Excessive heat or back-to-back heat waves in the southern parts of the country in May and June this year created a “strong seasonal or heat low” in July that caused heavy rains in southern Pakistan, they said. “This year, the monsoon axis also remained in the south of the country, while anti-cyclonic winds steered most of the monsoon systems to the southern parts of the country,” Chief Meteorological Officer (CMO) Sindh Dr Sardar Sarfraz told The News.
Sindh received 385% more rain between July 1 and August 19 this year. Balochistan received 371% more rains in the same period, PMD data showed.
In the month of August alone, Sindh received 495% more rains, while Balochistan received 237% more rains in the first 19 days of the current month.
“The monsoon systems that wreaked havoc in Sindh and Balochistan in this season were so strong that they also resulted in rains in Afghanistan, Iran and the Middle East.
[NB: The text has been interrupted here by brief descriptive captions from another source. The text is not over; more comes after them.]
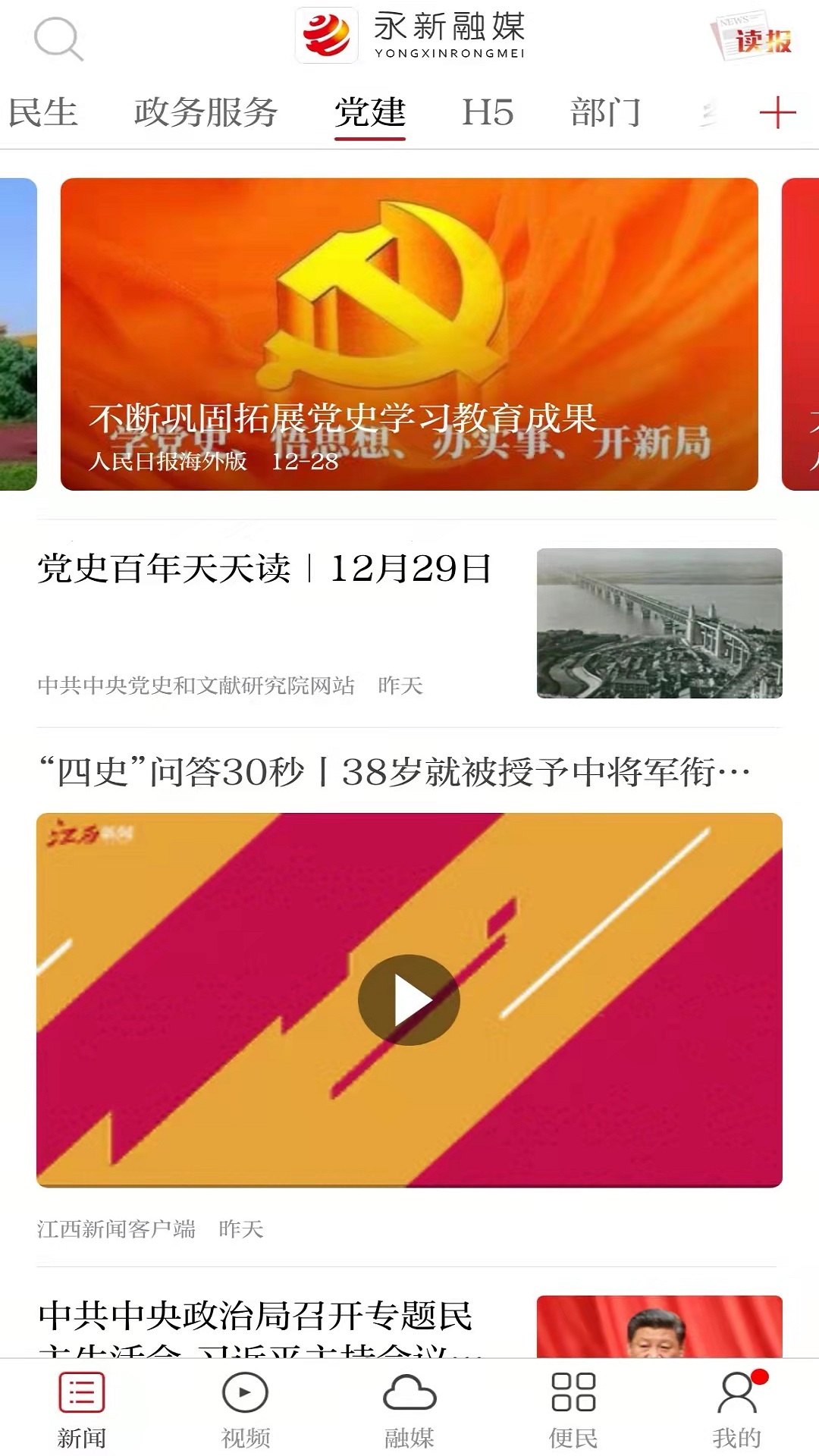 永新融媒
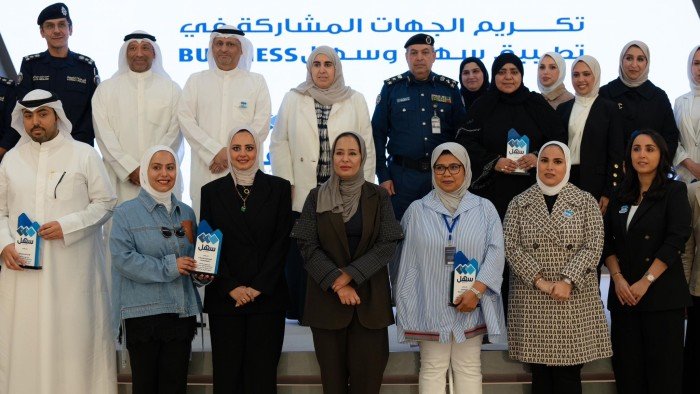 الكويت.. وكيل العدل بالتكليف: تكريمنا في "سهل2" يؤكد التزامنا بالتحول الرقمي الكويت.. وكيل العدل بالتكليف: تكريمنا في "سهل2" يؤكد التزامنا بالتحول الرقمي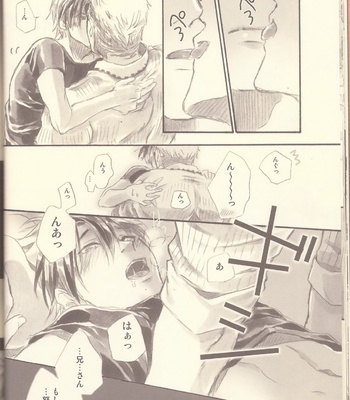 [Chisha no Mi (Hidaka)] Futari Ecchi – Tales of Xillia dj [JP] – Gay Manga sex 18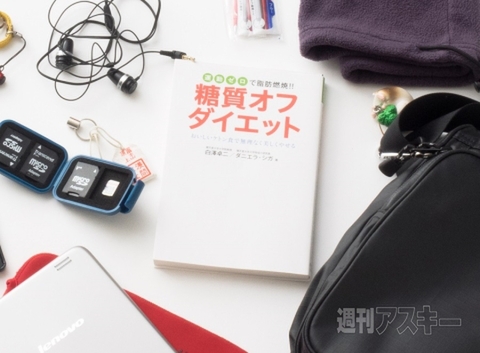 おたよりコーナー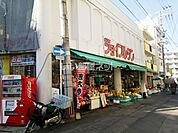 【スーパー】ジョイフルサン 宝町店まで572ｍ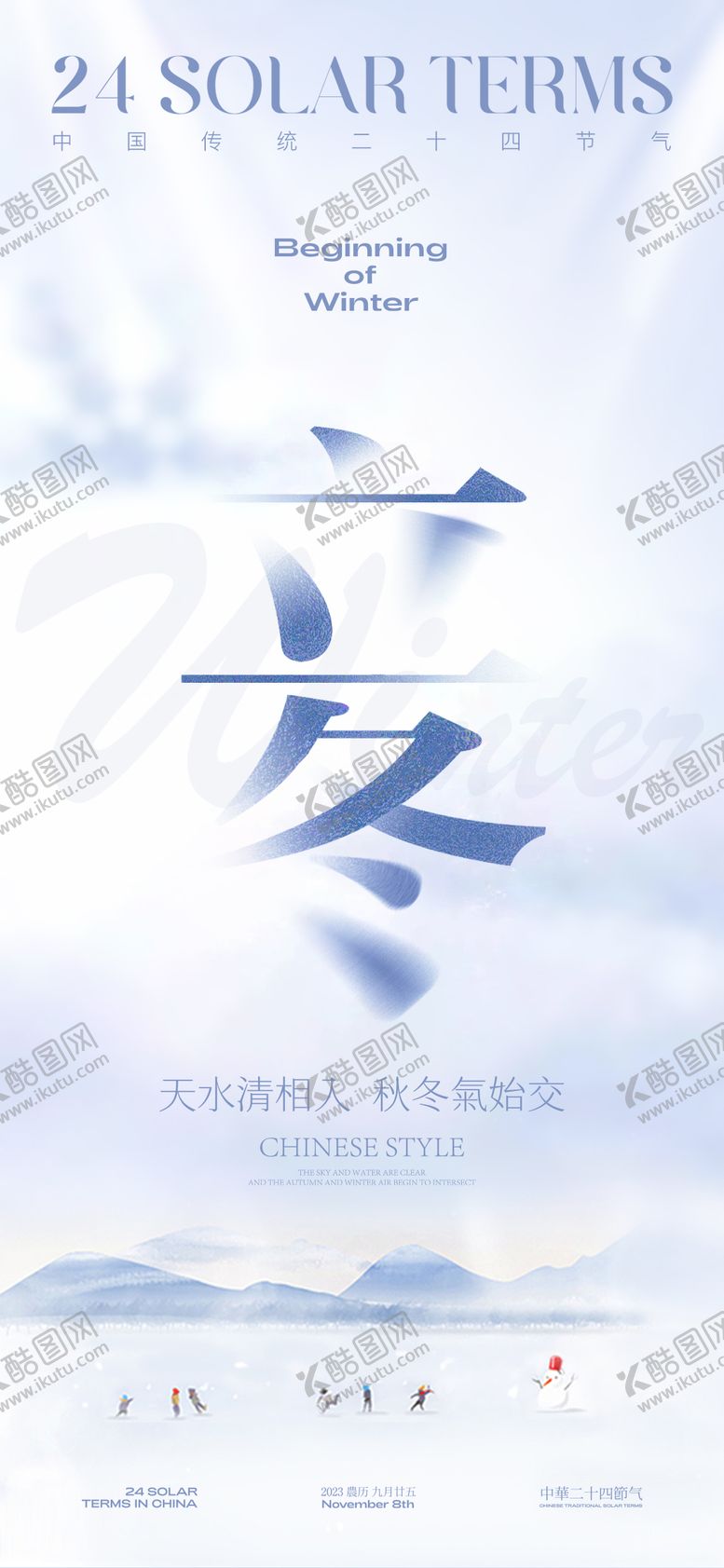 编号：45460812050209002548【酷图网】源文件下载-立冬节气海报
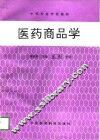 医药商品学 封面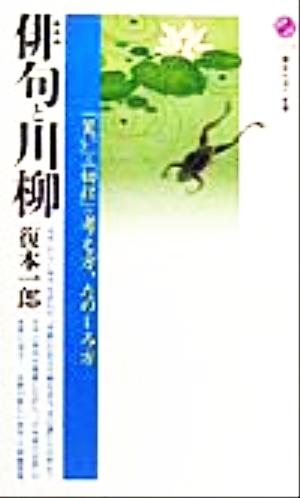 俳句と川柳「笑い」と「切れ」の考え方、たのしみ方講談社現代新書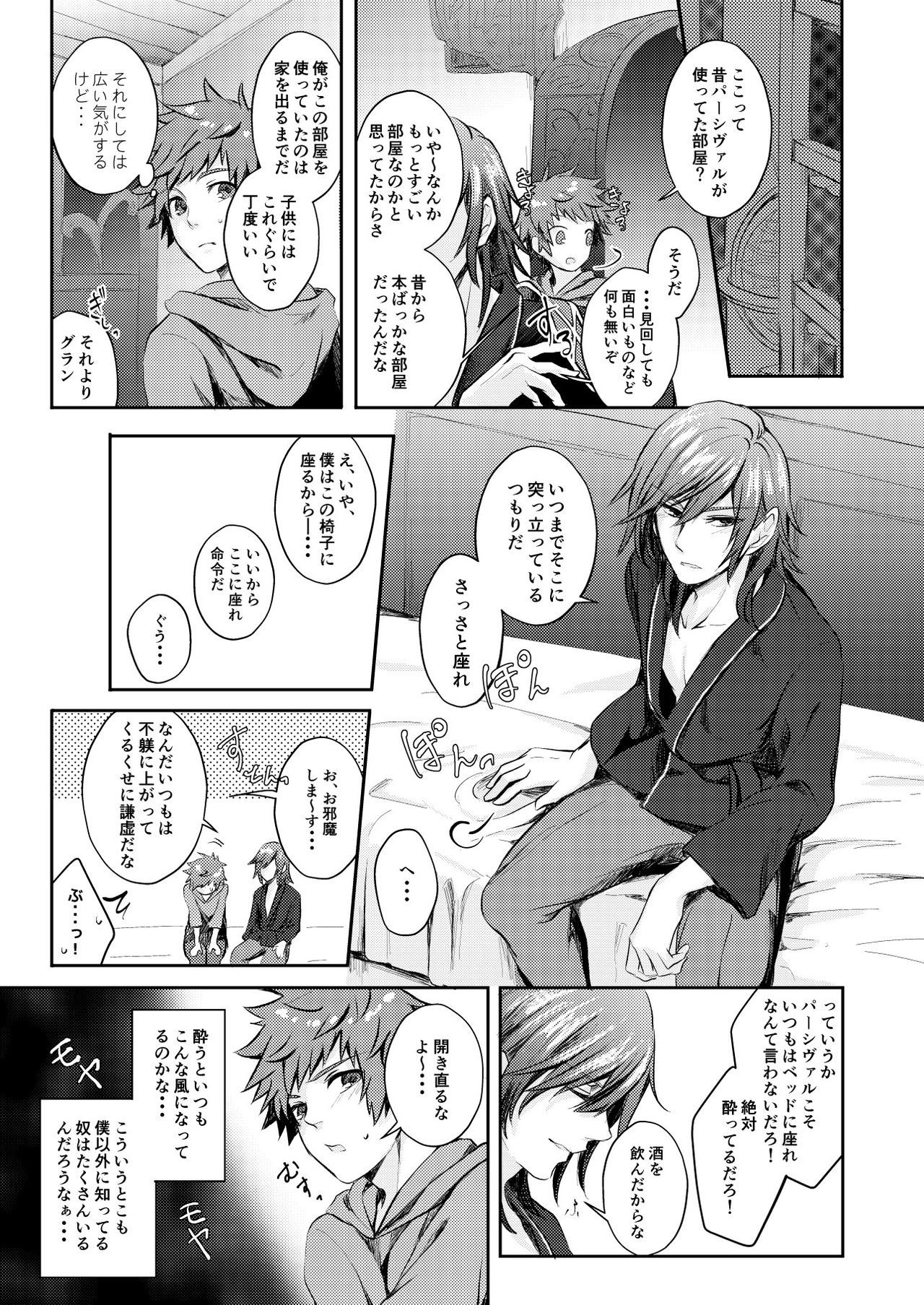 親愛なるダイヤモンド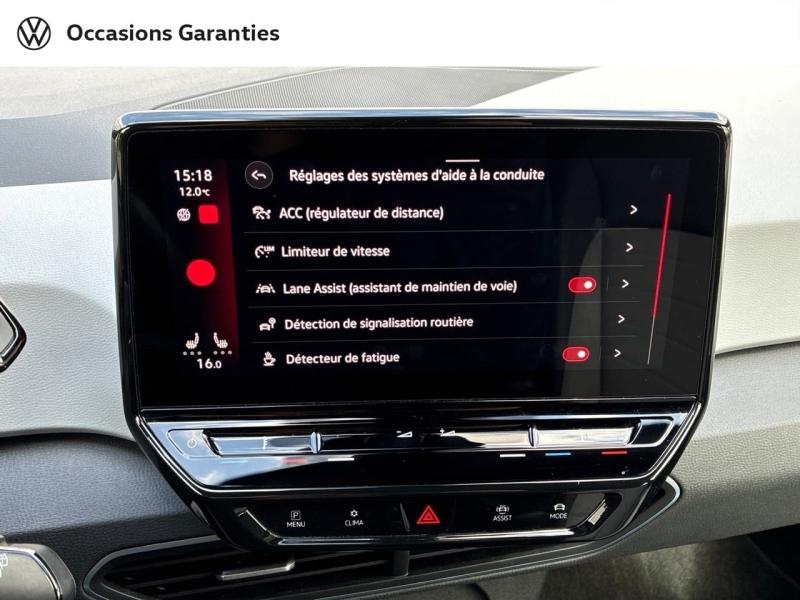 Voitures occasions VOLKSWAGEN ID.3 Active Clermont-Ferrand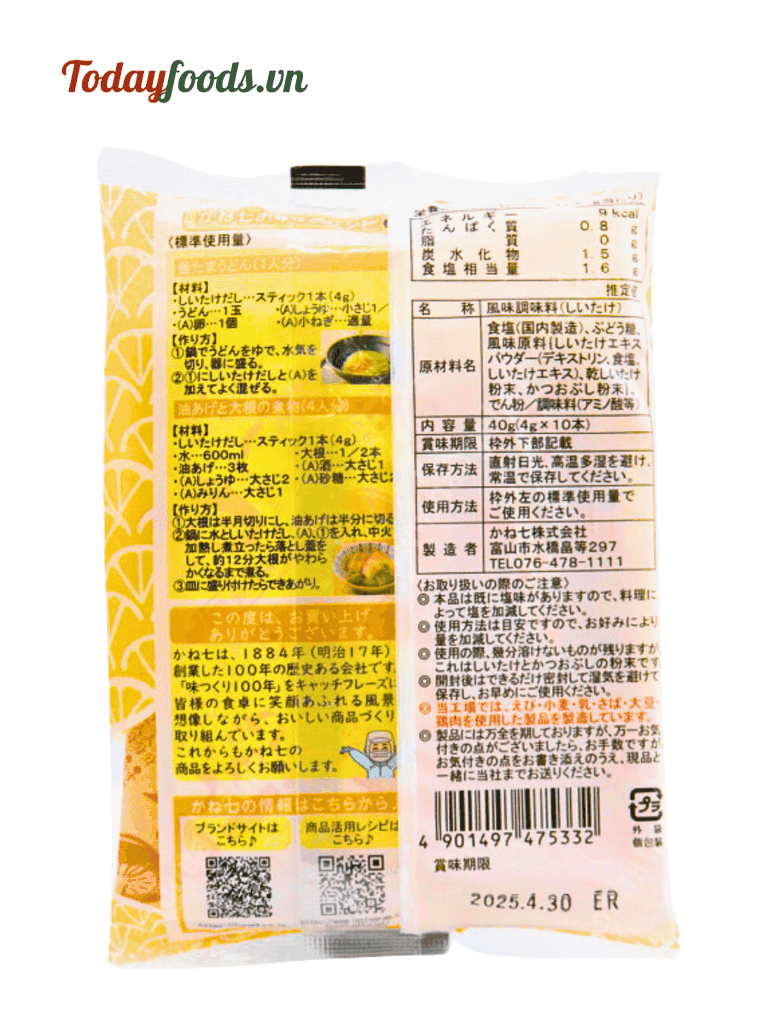 Hạt Nêm Nấm Shiitake (12 Gói) 48G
This is an unusual phenomenon and we have to monitor it to see if it becomes a new normal in the years to come”, Dr Sarfraz said.
Several other meteorologists associated with PMD and from other South Asian countries have been warning for the last several years that the rising temperature of the Indian Ocean and the Arabian Sea may result in torrential rains and extreme weather events for southern parts of Pakistan, especially the coastal areas of Sindh and Balochistan.
Dr Sarfraz said several other factors, including lower than normal temperature in the Pacific Ocean and high temperature in the Indian Ocean, also contributed to excessive rains in Sindh and Balochistan.
There is a need to study this pattern to predict whether monsoon would continue to cause such rains in the future, he said.
Talking to The News, Director General PMD Mahr Sahibzad Khan also blamed climate change for the unusually above normal rains.
He said they had already predicted “above normal precipitation” for the southern parts of the country in the first half of the monsoon season and normal or below normal rains in the second half of the monsoon season.
He maintained this year, the spring season was not observed in Pakistan and unusual rains indicate that country is witnessing the impacts of climate change, he said.
“We are monitoring the situation very closely, but climate change is to blame for this unusual monsoonal activity in Sindh and Balochistan”, he said.
He warned that high moisture following monsoon rains may result in heavy smog and fog in the plains of the country in the months to come. It was too early to predict winter and snowfall in the northern parts of the country, he said.